(Beginning of INFORMATION)

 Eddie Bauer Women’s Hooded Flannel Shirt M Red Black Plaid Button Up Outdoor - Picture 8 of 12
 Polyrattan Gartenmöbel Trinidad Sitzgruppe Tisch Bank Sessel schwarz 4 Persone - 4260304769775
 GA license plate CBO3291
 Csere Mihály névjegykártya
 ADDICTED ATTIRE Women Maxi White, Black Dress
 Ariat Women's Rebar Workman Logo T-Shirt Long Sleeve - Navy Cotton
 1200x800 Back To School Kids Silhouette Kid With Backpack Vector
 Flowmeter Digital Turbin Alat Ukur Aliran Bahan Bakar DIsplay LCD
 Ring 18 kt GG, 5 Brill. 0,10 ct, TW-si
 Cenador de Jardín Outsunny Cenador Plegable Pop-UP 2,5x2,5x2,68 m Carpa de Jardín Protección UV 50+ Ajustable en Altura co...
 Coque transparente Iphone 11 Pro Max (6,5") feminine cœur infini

(End of INFORMATION)
(Beginning of INFORMATION)

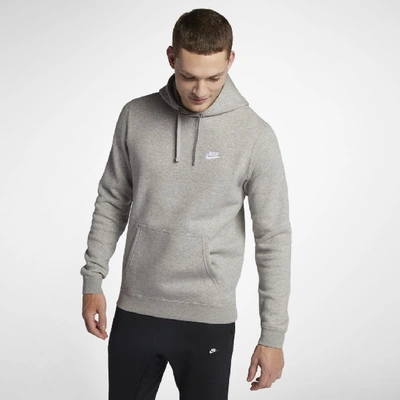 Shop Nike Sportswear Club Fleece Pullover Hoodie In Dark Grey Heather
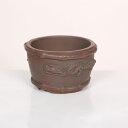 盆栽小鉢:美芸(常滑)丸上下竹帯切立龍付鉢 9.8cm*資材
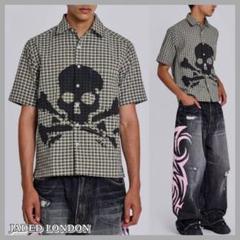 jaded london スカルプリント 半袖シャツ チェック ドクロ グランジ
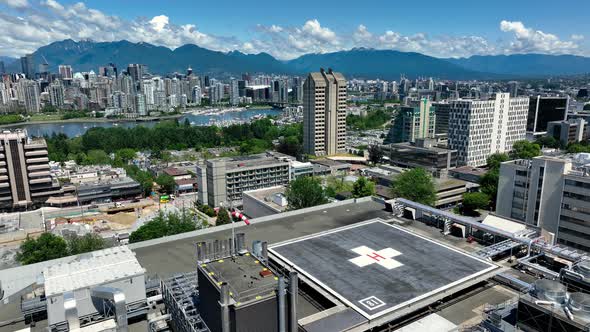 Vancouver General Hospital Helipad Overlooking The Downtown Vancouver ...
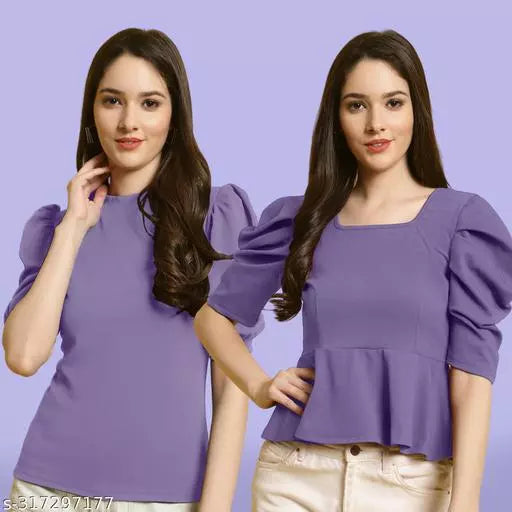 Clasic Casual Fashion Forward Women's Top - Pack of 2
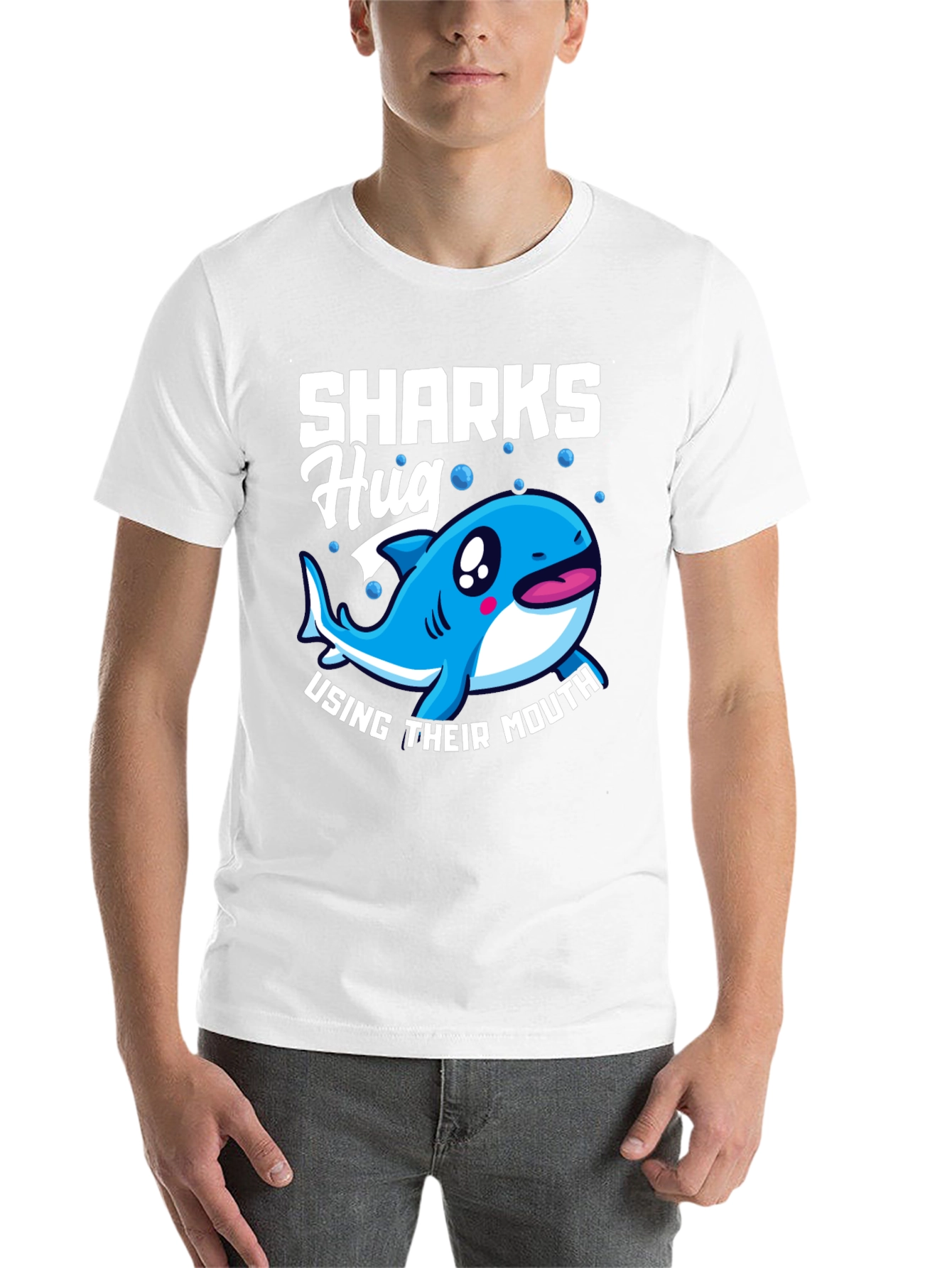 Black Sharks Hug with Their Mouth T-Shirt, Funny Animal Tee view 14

(End of INFORMATION)

### WHAT YOU SHOULD DO
Look above for the line containing "Clasic Casual Fashion", then write out every line from there down to the line containing "Black Sharks Hug", that line included, with no pictures.

### ANSWER
 Clasic Casual Fashion Forward Women's Top - Pack of 2
 Black Sharks Hug with Their Mouth T-Shirt, Funny Animal Tee view 14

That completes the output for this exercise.